• Exercise: Whenever a line in the data holds the string "House", pull that line out.
--- --- ---
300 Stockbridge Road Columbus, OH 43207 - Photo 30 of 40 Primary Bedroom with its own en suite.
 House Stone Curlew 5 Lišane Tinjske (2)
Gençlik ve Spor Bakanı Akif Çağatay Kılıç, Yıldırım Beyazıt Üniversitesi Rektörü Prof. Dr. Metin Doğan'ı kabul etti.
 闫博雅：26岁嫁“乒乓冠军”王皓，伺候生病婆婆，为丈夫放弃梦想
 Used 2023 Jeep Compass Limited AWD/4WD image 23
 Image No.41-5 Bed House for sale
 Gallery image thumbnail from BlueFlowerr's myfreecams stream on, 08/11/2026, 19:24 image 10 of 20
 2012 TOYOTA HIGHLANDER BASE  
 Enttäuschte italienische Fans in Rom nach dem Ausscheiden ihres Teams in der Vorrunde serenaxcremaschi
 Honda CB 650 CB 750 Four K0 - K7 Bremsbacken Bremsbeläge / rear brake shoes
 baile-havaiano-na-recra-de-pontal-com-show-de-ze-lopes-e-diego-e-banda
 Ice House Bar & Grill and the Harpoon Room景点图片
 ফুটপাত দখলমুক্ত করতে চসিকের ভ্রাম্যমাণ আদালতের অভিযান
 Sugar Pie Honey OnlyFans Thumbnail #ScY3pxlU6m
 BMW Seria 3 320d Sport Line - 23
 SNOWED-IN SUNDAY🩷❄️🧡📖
--- --- ---
• Reply:
 House Stone Curlew 5 Lišane Tinjske (2)
 Image No.41-5 Bed House for sale
 Ice House Bar & Grill and the Harpoon Room景点图片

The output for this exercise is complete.